May you explain the following output:
main()
{
   char f[] = "qwertyuiopasd";
   printf("%s\n", f + f[6] - f[8]);
   printf("%s", f + f[4] - f[8]);
}
output:
uiopasd
yuiopasd
For example regarding the first printf:
f[8] should represent the char 'o'
f[6] should represent the char 'u'
%s format prints the string (printf("%s", f) is giving the whole "qwertyuiopasd")
So how does it come together, what is the byte manipulation here?
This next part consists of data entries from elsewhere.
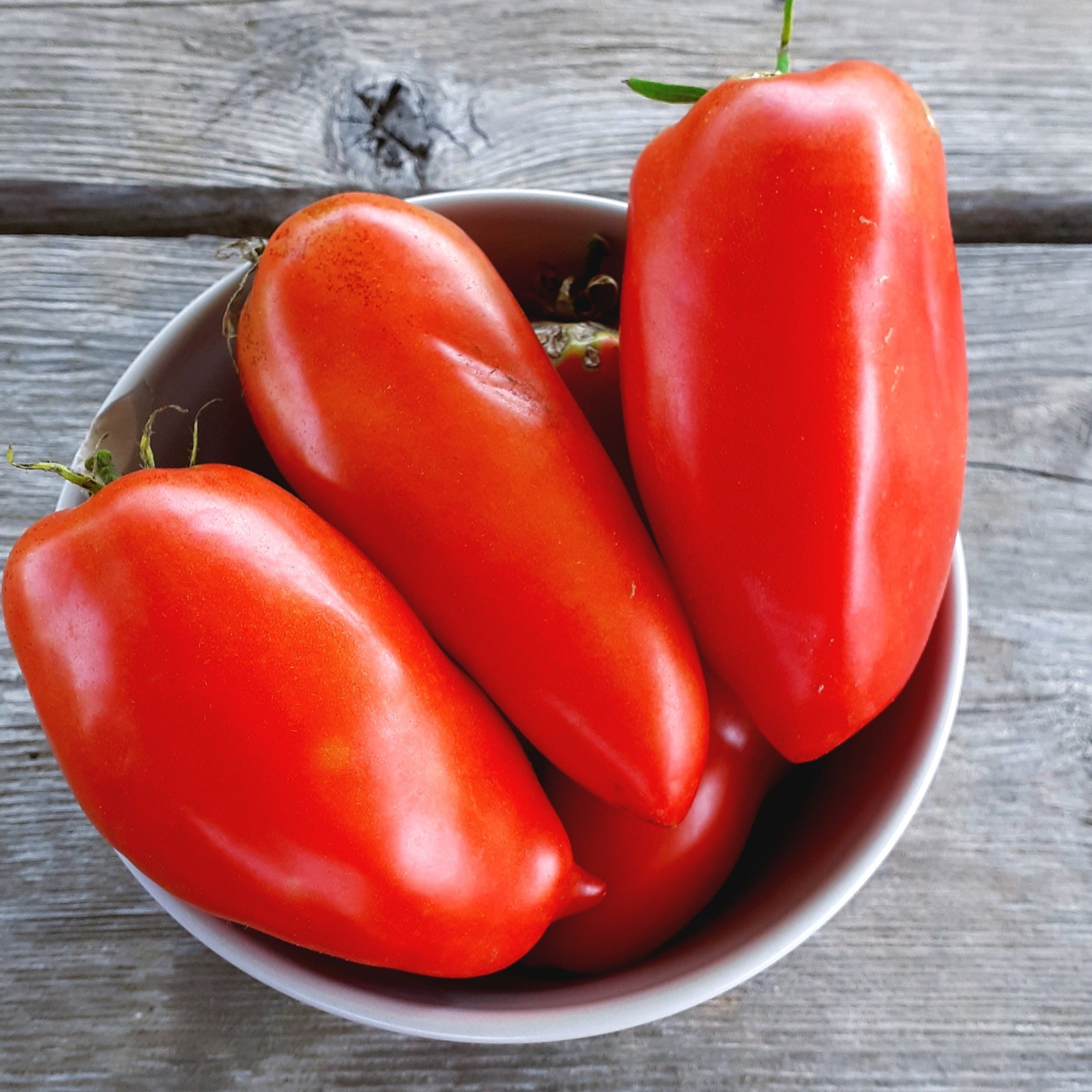 Gros plan d'un bol contenant plusieurs tomates Andine Cornue mûres de Tourne-Sol sur une surface en bois rustique. Leur peau lisse et brillante et leur forme oblongue sont idéales pour créer des sauces épaisses traditionnelles françaises, incarnant le riche héritage de la tomate rouge dans les arts culinaires.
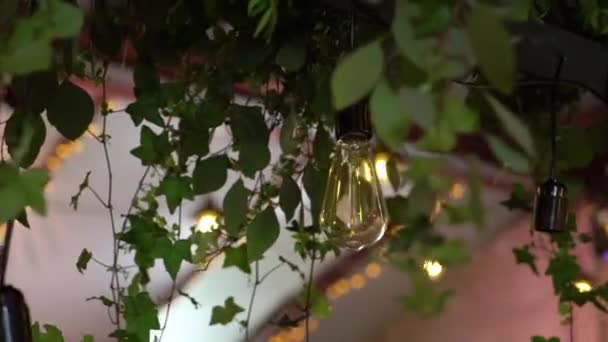 Ampoule à lampe en guirlande. Lumière décorée 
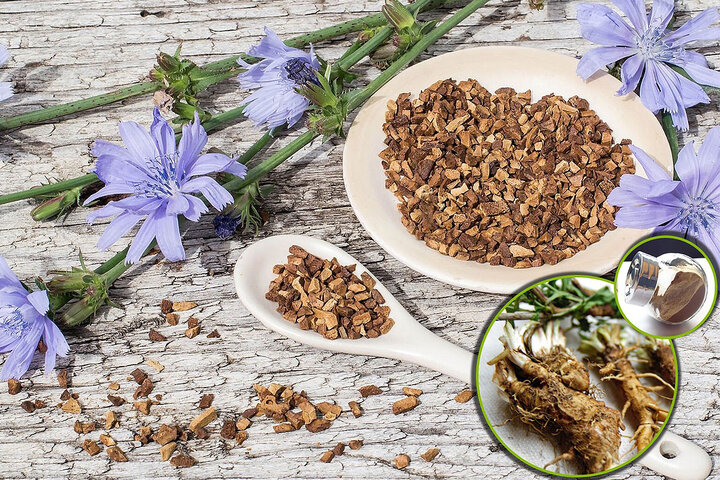 دمنوش ریشه کاسنی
There are multiple problems in the code posted:
main is an obsolete syntax. you should use int main().printf is not in scope when the calls are compiled. This has undefined behavior. You should include <stdio.h>.f + f[6] - f[8] has undefined behavior: addition is left associative, so f + f[6] - f[8] is evaluated as (f + f[6]) - f[8]. f[6], which is the letter u is unlikely to have a value less than 14 (in ASCII, its value is 117) so f + f[6] points well beyond the end of the string, thus is an invalid pointer and computing f + f[6] - f[8] has undefined behavior, in spite of the fact that 'u' - 'o' has the value 6 for the ASCII character set. The expression should be changed to f + (f[6] - f[8]).Assuming ASCII, the letters o, u and t have values 111, 117 and 116.
f + (f[6] - f[8]) is f + ('u' - 'o') which is f + (117 - 111) or f + 6.
f + 6 is the address of f[6], hence a pointer to the 7th character of the string "qwertyuiopasd". Printing this string produces uiopasd.